-------- Records for this task --------

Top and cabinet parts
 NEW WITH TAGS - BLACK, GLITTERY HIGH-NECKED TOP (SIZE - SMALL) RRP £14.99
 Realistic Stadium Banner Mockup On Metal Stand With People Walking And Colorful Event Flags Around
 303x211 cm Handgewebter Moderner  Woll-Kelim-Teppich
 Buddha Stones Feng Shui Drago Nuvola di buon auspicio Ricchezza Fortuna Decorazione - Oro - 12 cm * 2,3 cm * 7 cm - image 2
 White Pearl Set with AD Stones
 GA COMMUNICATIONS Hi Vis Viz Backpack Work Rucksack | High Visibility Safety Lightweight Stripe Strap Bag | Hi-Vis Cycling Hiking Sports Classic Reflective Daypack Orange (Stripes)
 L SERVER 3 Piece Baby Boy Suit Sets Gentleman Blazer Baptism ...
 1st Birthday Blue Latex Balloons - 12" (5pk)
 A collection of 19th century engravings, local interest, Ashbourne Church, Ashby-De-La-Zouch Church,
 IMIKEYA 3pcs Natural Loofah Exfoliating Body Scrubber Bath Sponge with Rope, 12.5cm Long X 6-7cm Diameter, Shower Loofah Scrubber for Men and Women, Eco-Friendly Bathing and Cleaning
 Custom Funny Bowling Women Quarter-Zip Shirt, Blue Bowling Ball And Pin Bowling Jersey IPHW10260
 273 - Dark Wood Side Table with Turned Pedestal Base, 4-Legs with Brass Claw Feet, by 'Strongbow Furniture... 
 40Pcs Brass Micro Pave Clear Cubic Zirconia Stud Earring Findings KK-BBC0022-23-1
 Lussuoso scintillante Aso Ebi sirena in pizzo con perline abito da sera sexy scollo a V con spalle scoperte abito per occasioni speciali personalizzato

--------

Word for word, restate the listing above from its first line to the line with "303x211 cm Handgewebter", keeping both.

__Result of the exercise__.
Top and cabinet parts
 NEW WITH TAGS - BLACK, GLITTERY HIGH-NECKED TOP (SIZE - SMALL) RRP £14.99
 Realistic Stadium Banner Mockup On Metal Stand With People Walking And Colorful Event Flags Around
 303x211 cm Handgewebter Moderner  Woll-Kelim-Teppich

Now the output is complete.